Automated PDF Content Extraction and Query Resolution via Social Media Integration

Automated PDF Content Extraction and Query Resolution via Social Media Integration

Concept

Originally prototyped as RICO (RobotIzed Campaign Organiser) and later refined into Document Sage, this project is an AI-powered assistant that transforms static documents into interactive, queryable tools.

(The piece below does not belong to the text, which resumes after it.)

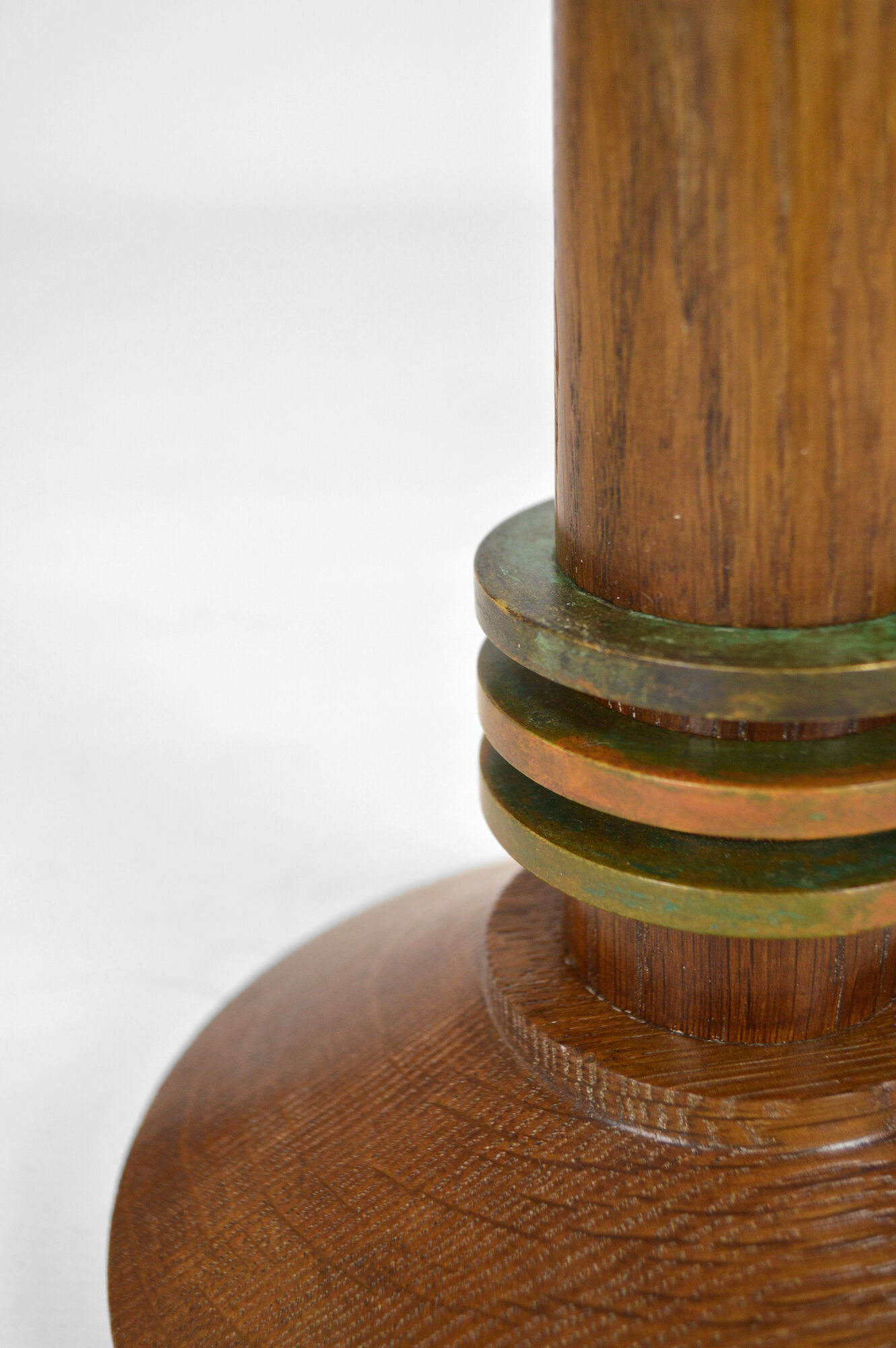 Pair of art deco lamps in wood and patinated bronze around 1930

Using Retrieval-Augmented Generation (RAG) and Large Language Models (LLMs), the system integrates with Discord to let users query PDFs and FAQs in real time. It reduces staff strain, enhances accessibility, and improves engagement by delivering clear, context- aware answers instantly

Description

Developed over a 12-week capstone, the project tackled a common challenge faced by SMEs and digital communities: low engagement with long FAQs and PDF documents, and the resulting overload on support staff. Our solution integrated OCR, embeddings, and RAG pipelines into a Discord bot with escalation protocols.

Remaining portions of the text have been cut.